Shrikesh Laxmidas, Reuters
"That is our concern. Investment, investment, investment, that is what we are asking," IEA Executive Director Nabuo Tanaka said at a conference in Lisbon on Friday.

The Paris-based IEA, which advises 28 industrialised countries, earlier this month said global oil demand would drop by 980,000 barrels per day (bpd) this year but would rise again by about 1 million bpd in 2010 with an expected economic recovery.

Tanaka said that there was no room for complacency on spare oil capacity.

"We now see many cancellations or postponements of supply investment projects...and we learned the lesson last year when we didn't invest, the market became volatile and oil prices reached $147 per barrel," he said.

He added that supply from producing oil fields will decline dramatically, and that to offset the decline by 2030 "we need 45 million barrels per day of new capacity, or the equivalent of 4 Saudi Arabias".
(27 February 2009)



Where Is Oil Production Headed?: An Adverse Scenario

Gail Tverberg, The Oil Drum
A lot of us have an image in the back of our mind of Hubbert's peak. Based on this peak, we assume that oil production will decline in much the same pattern as it rose. For example, in an analysis performed several years ago, Luis de Sousa shows this graph, based on the application of Hubbert's model to crude oil data available through 2004. Based on this analysis, he concluded that oil production was expected to peak around the Summer Solstice of 2006.

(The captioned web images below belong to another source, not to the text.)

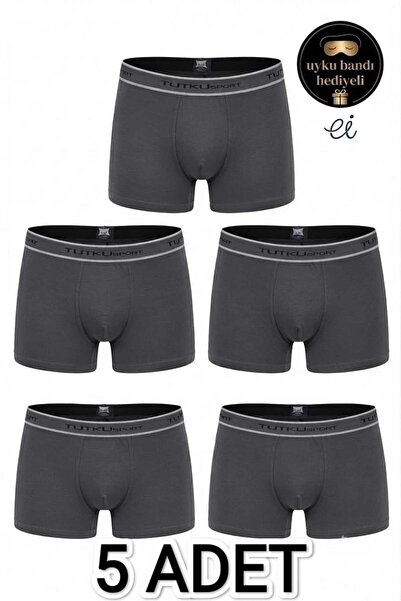 Tutku 5-Pack Anthracite Cotton Lycra Sports Men's Boxer Set - Flexible Comfor...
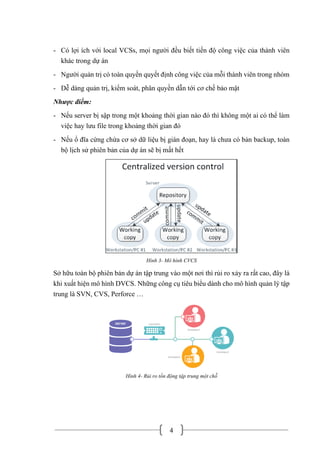 4
- Có lợi ích với local VCSs, mọi người đều biết tiến độ công việc của thành viên
khác trong dự án
- Người quản trị có toàn quyền quyết định công việc của mỗi thành viên trong nhóm
- Dễ dàng quản trị, kiểm soát, phân quyền dẫn tới cơ chế bảo mật
Nhược điểm:
- Nếu server bị sập trong một khoảng thời gian nào đó thì không một ai có thể làm
việc hay lưu file trong khoảng thời gian đó
- Nếu ổ đĩa cứng chứa cơ sở dữ liệu bị gián đoạn, hay là chưa có bản backup, toàn
bộ lịch sử phiên bản của dự án sẽ bị mất hết
Hình 3- Mô hình CVCS
Sở hữu toàn bộ phiên bản dự án tập trung vào một nơi thì rủi ro xảy ra rất cao, đây là
khi xuất hiện mô hình DVCS. Những công cụ tiêu biểu dành cho mô hình quản lý tập
trung là SVN, CVS, Perforce …
Hình 4- Rủi ro tồn động tập trung một chỗ
 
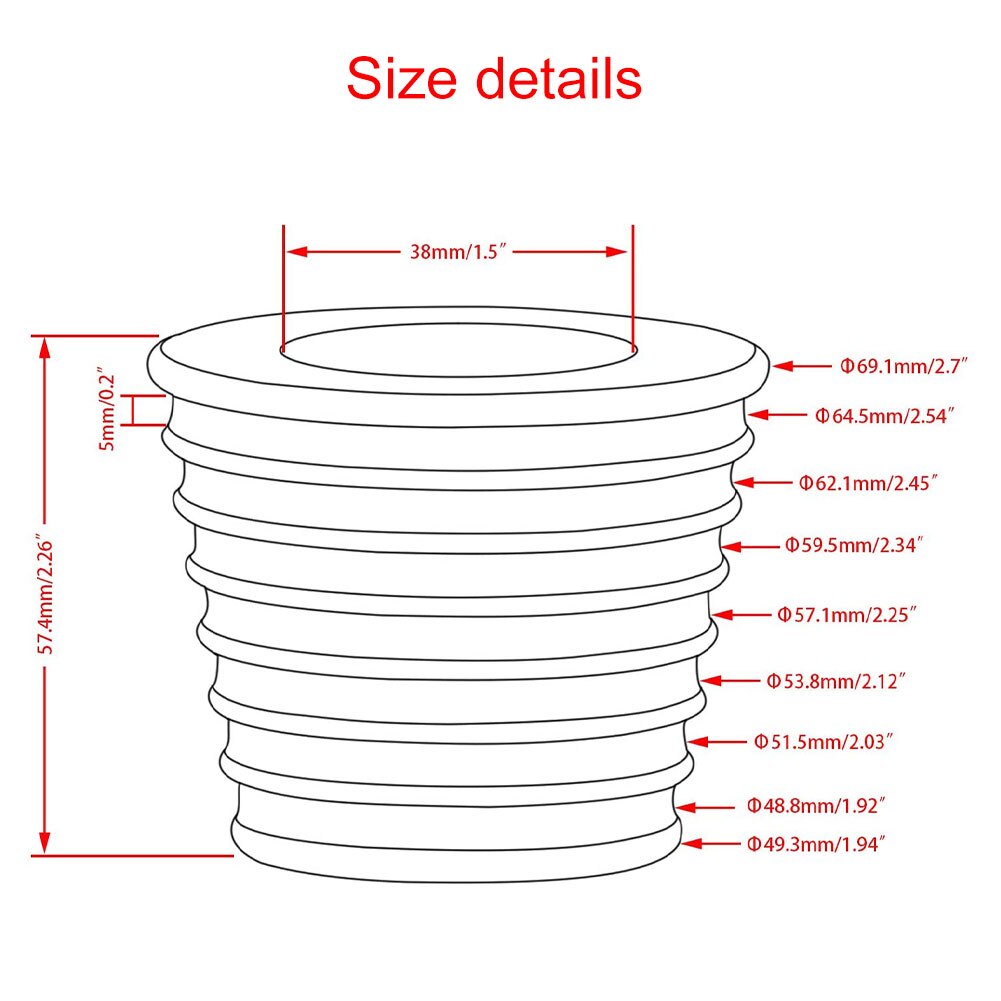 Terrassebord paraply kegle kile ring stik passer til paraply stang diameter 38mm til terrasse bord hul åbning eller parasol base stativ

This graph is kind of scary, but it is also somewhat comforting. A person gets the idea that while there will be a decline, production will not go down too rapidly. Because of the apparently slow decline rate, it looks like we should be able to get along pretty well with a little adaptation--perhaps some electric cars.

I am concerned that the actual downside of the curve may look very different from the shape envisioned by Hubbert. The problem is that the limiting factor is likely not geology, but the failure of complex networked systems, particularly the financial system. Below the fold I show one view of what future oil production could look like, assuming the current unwind in world debt destabilizes the world financial system, and it becomes necessary to rebuild the system almost from scratch.
(4 March 2009)



Oil producers running out of storage space

Associated Press via MSNBC
Supertankers that once raced around the world to satisfy an unquenchable thirst for oil are now parked offshore, fully loaded, anchors down, their crews killing time. In the United States, vast storage farms for oil are almost out of room.

As demand for crude has plummeted, the world suddenly finds itself awash in oil that has nowhere to go.
(3 March 2009)
Jeffrey J. Brown (westexas) comments at TOD's DrumBeat:
Crude oil inventories are definitely high, but only in terms of recent years, since the industry deliberately went to more of a Just In Time inventory system. In terms of Days of Supply in excess of MOL, year over year we have gone from about 72 hours of supply in excess of MOL to about 144 hours of supply in excess of MOL. This is what the writer refers to as a "virtual sea of surplus crude."



Number of Rigs Drilling for Natural Gas in U.S. Drops to 5-Year Low

Matthew Robinson, Commodity Corner (blog), Reuters
[GRAPH]
The number of rigs drilling for natural gas in the United States fell below 1,000 last week for the first time in nearly five years, according to Baker Hughes Inc. The drop comes as prices for the fuel continue to fall.

The current gas rig total of 970 is the lowest number of gas rigs since March 19, 2004, when there were 963 gas rigs operating.

The graph above shows the number of rigs drilling for natural gas versus the price for New York Mercantile Exchange front-month gas futures.